Hypothyroidism impairs long-term potentiation in sympathetic ganglia: Electrophysiologic and molecular studies

Electrophysiologic and molecular techniques were used to study the effect of adult-onset hypothyroidism on synaptic plasticity in the superior cervical sympathetic ganglion. Ganglia excised from adult thyroidectomized and sham-operated rats were subjected to a brief high-frequency stimulation of the preganglionic nerve to express long-term potentiation (gLTP). Western blotting was carried out to determine the protein levels of key signaling molecules that may be involved in the expression of gLTP. Input/output relationship in ganglia from hypothyroid rats indicated a normal basal synaptic transmission, whereas activity-dependent types of synaptic plasticity, posttetanic potentiation (PTP) and gLTP, were impaired. Immunoblot analysis showed that both calcium/calmodulin kinase II (CaMKII) and phosphorylated CaMKII (P-CaMKII) levels were reduced markedly in hypothyroid rat ganglia compared to those from euthyroid controls. Additionally, protein levels of nitric oxide synthase-1, heme oxygenase-2, calmodulin, protein kinase C (PKC), and calcineurin were also reduced in hypothyroid rat ganglia.
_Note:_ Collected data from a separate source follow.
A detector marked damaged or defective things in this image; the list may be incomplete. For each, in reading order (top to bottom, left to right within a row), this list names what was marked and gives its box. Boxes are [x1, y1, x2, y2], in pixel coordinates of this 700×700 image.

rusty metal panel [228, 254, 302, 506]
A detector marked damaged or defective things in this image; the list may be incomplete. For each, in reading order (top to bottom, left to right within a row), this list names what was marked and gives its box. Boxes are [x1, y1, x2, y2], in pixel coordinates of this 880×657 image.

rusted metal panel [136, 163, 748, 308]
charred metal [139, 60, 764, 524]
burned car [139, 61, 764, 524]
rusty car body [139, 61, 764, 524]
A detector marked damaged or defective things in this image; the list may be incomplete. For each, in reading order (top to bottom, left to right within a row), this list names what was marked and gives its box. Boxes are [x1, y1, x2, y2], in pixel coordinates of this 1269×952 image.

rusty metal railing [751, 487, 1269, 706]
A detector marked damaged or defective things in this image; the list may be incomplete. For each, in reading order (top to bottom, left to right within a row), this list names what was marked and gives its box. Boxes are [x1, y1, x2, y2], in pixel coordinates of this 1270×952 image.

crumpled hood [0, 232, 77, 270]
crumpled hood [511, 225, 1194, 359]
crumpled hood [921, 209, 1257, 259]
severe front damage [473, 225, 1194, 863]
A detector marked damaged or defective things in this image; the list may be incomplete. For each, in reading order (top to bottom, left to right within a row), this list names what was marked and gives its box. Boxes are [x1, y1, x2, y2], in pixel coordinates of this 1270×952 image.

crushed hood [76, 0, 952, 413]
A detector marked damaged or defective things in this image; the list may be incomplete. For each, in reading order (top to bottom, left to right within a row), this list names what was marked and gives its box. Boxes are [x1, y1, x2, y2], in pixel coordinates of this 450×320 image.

The results indicate that abnormally low basal levels of signaling molecules may be responsible for hypothyroidism-induced impairment of gLTP in superior cervical ganglia. In addition, the results indicate that synaptic plasticity in sympathetic ganglia may involve a molecular sequence of events similar to that proposed for LTP in the hippocampus. (C) 2004 Wiley-Liss, Inc.